Moscow Machine Building Plant Avangard
- Founded: 1942
- Headquarters: Moscow, Russia
- Parent: Almaz-Antey

= Moscow Machine Building Plant "Avangard" =

Missile manufacturing company

MMZ Avangard (Московский машиностроительный завод "Авангард") is a Moscow-based manufacturer and the sole supplier of missiles for the S-400 system. It is part of the Almaz-Antey group.

Avangard was established in 1942, and it has produced airframes for strategic surface-to-air missiles since the 1950s and is the lead production facility for the Fakel Design Bureau in Moscow. In its latest available annual report for 2012, the company stated that it was finishing work on starting serial production of the 40N6 missile. No information on its performance or commissioning has been released since.

In October 2012, the former director of the plant was arrested on charges of embezzlement, after being accused of signing consultancy contracts with shell companies.

== History ==
On January 24, 1942 the USSR State Defense Committee decided to assemble aircraft engines for U-2 aircraft at the site of previously evacuated CIAM enterprises.

After the end of hostilities, the plant began to produce civilian products. These were engines and spare parts for agricultural machinery and consumer goods. But then it started producing military equipment again (aviation cannons and machine guns).

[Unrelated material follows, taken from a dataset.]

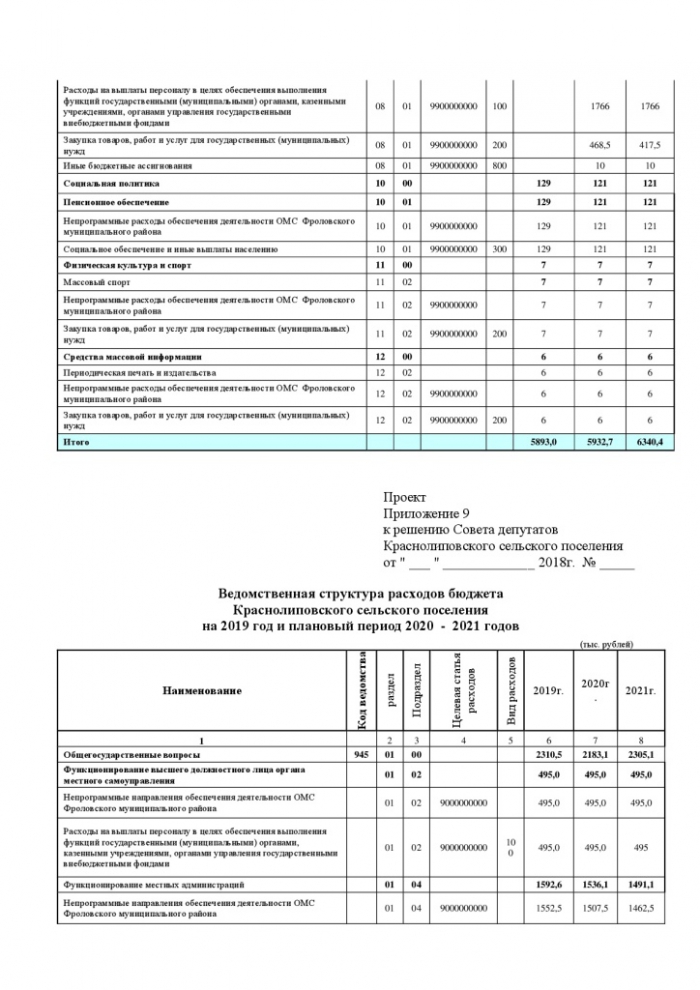 О проекте бюджета Краснолиповского  сельского поселения Фроловского  муниципального района на 2019 год и на плановый период 2020 и 2021 годов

In 1954 the company mastered the production of D1 type anti-aircraft missiles for the S-75 air defense system. In the 50-60 years MZA launched a series of 11Д, 13D, 15D, 20D, 5В29, 5Я23 missiles.

In the 1970s the plant began to produce high-precision guided missiles At-500 for the s-300P air defense system, the A-135 missile system. In 1986 production of more advanced 48H6P missiles for the upgraded s-300PM began.

== Sanctions ==
In January 2023 Japan imposed sanctions on MMZ Avangard.

Sanctioned by Canada on 22 August 2023 for association with the "Putin regime".